Why might your wine taste like wet dog fur….and what to do about it?

Basic Stats:
A wine bottle has 25.33 oz. (750ml).
A serving (a glass) of wine is 5 oz . (Half way up the glass is full. Where the glass is widest (aroma reasons in the design)
1 bottle = five glasses.

If your wine smells stale or like wet dog fur…it is Corked!

(The cork is not working and too much air has mixed with the wine.)

Wine last 24 hours if the air is pumped out
Here’s the one I recommend we use it at work. It pays for itself after two uses.

Wine lasts only a few hours if it’s not pumped. It’s not harmful, but it won’t taste its best. Pushing the cork back in won’t help too much because air is trapped in there.

Another reason Wine is stored on its side to expand the cork. A bottle corked with a plastic cork won’t be helped by horizontal storage.

On the next PODCAST – I’ll talk about my favorite tool for opening wine and why, and the bottle opening tools you should (probably) avoid !

 

Now to spark your Muse

Brené Brown’s work made its mark on me before she did her famous 1st TED TALK which lead to you famous ins TED Talk on her research about shame and vulnerability at the University of Houston.

 

 

The topics in the book and some of the passages I’ll read to you have really gained new significance  because putting up a podcast is risky. I feel vulnerable and I feel like I might get rejected. Some people won’t like it and I can’t change that. I don’t want to fail. And I don’t want to look like an idiot. And looking like an idiot is extremely probable.

When we are about to step out into unknown territory or if we doing something that makes us more vulnerable the two main things we think are “who do you think you are?” and “You’rd going to look like a fool” and I might add one to that “You won’t do it right” (it ’s related to the 2nd one) Maybe you can think of others that come to you mind.

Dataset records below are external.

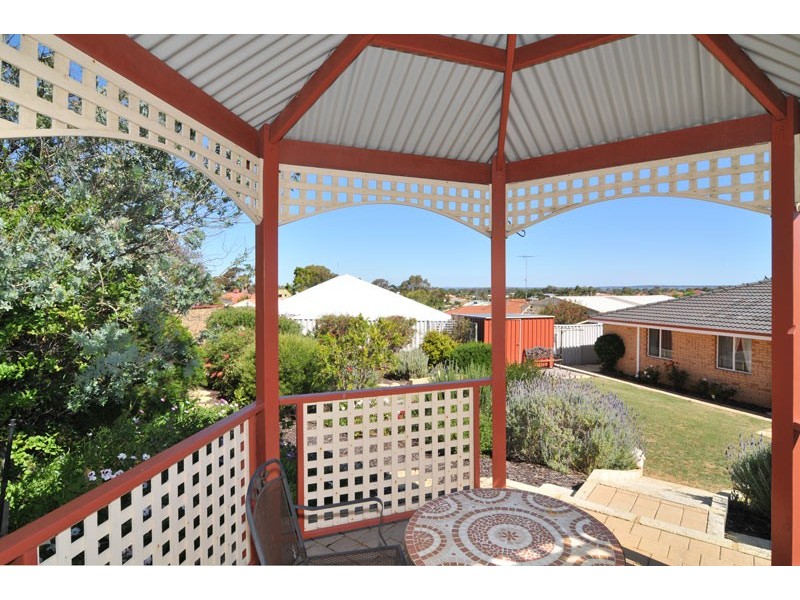 2 Nettle Place, Halls Head WA 6210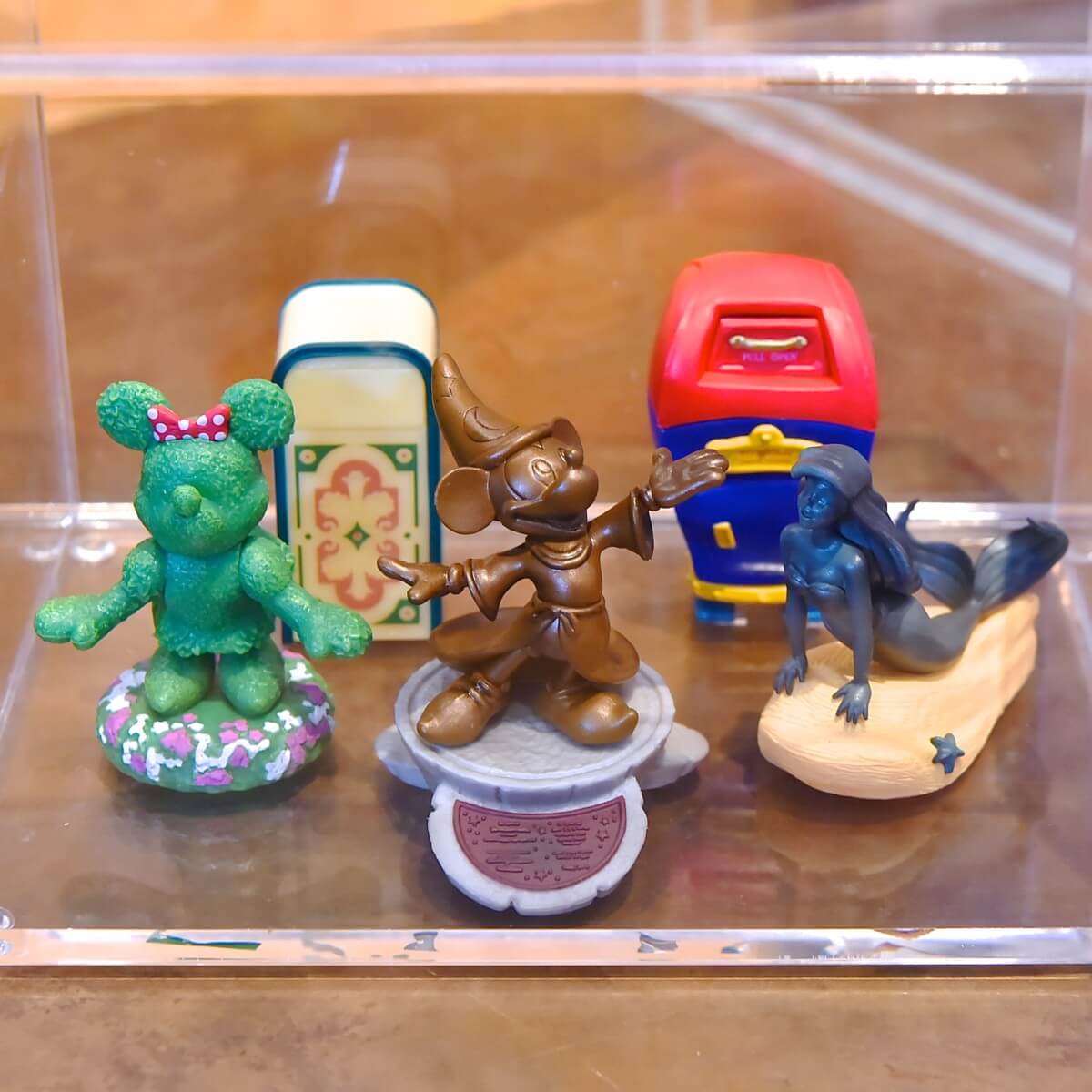 パークのアイコンがフィギュアに！東京ディズニーリゾート ミニチュア
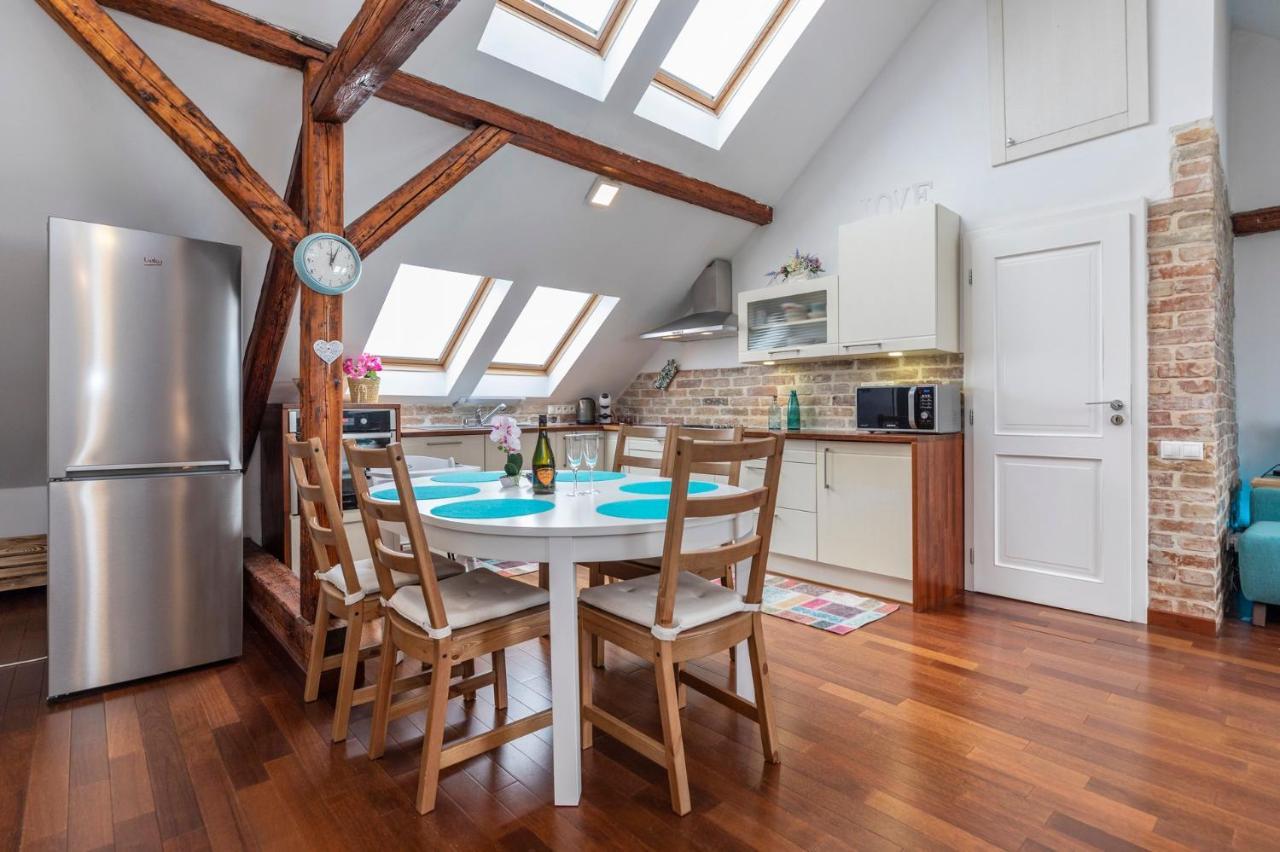 Beautiful And Romantic Penthouse With Two Terraces Bratislava Bagian luar foto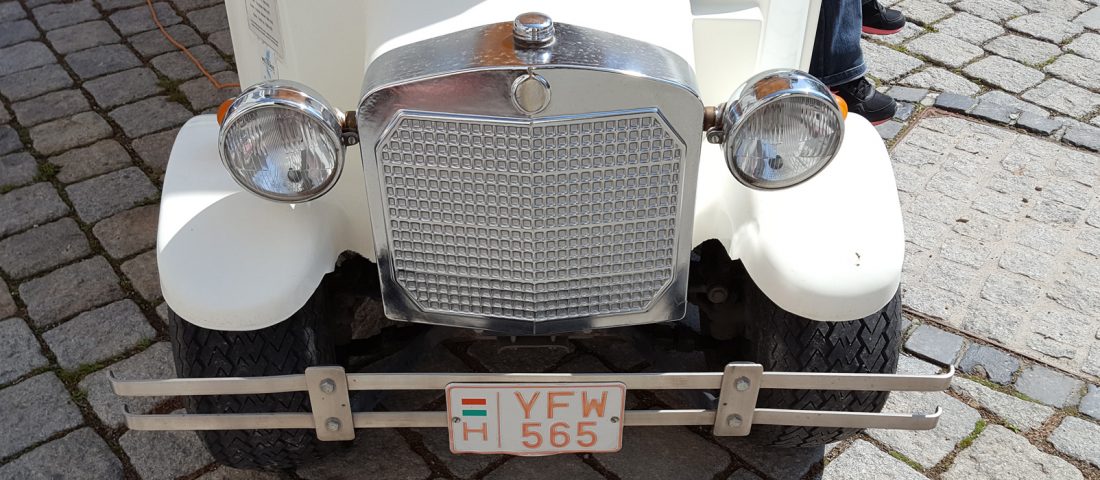 Ritkán látott magyar rendszám vörös betűkkel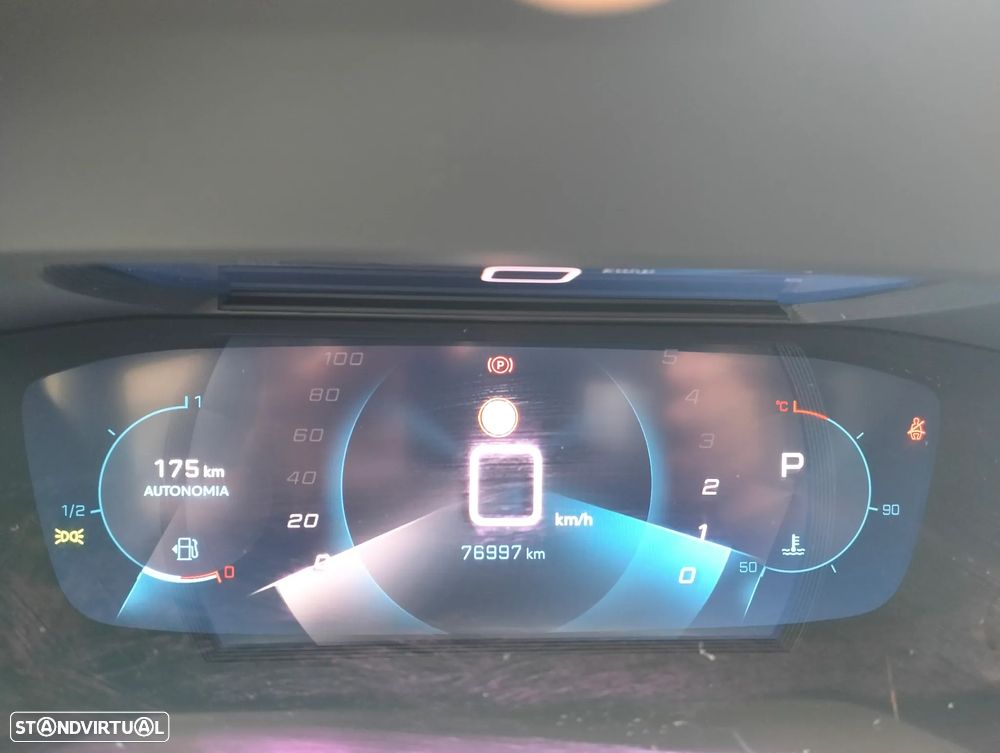 Peugeot 2008 1.2 PureTech GT EAT8 - 15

We seem okay to handle other people’s vulnerability but really reluctant to risk that ourselves.

Excerpts from Daring Greatly:

Pg 35 “I define vulnerability as uncertainty, risk and emotional exposure”

My note: We can’t risk feeling vulnerable if we are dealing with shame.

pg 68 “people who don’t experience shame lack the capacity for empathy and human connection”

My note: Social also social pain. We fear rejection and isolation.

pg 67 “shame derives its power from being unspeakable”

Language and story bring light to shame and destroy it

pg 71

Guilt is “I did something wrong”

Shame is “I am bad” (or “I am something wrong”)

• When new feel shame we lash out, get anxious, hide, or numb out, and really we need to do the opposite of those things to have victory.

• Instead of lashing out or hiding we need to reach out, to some one we can trust.

• Instead of overcompensating we have to cut ourselves a break. “I make mistakes. I’m moving on past this one.”

Pg 80 Brené says “If I own the story I get to write the ending.” I just heard a fascinating TED TALK from Monica Lewinsky and she sounds like she’s taking this advise. She said it was time to take back her story and control her own narrative.

Reaching out and being honest creates an environment of empathy, and that’s really why I’m sharing all this with you.

Don’t be afraid to create and do things that are your passion. And mess up while doing them. I’m messing up a lot, but I’m trying to not let those mistakes put me in a choke hold of shame and inaction.

I hope you will be inspired to do the same.

Thanks for listening today!

Or if you have read Daring Greatly, what was the most powerful thing you learned. I’d love to hear from you! Leave comments at sparkmymuse.com or the email contact@sparkmymuse.com

subscribe to the podcast….tell your friends what you and I have been up to. See you soon.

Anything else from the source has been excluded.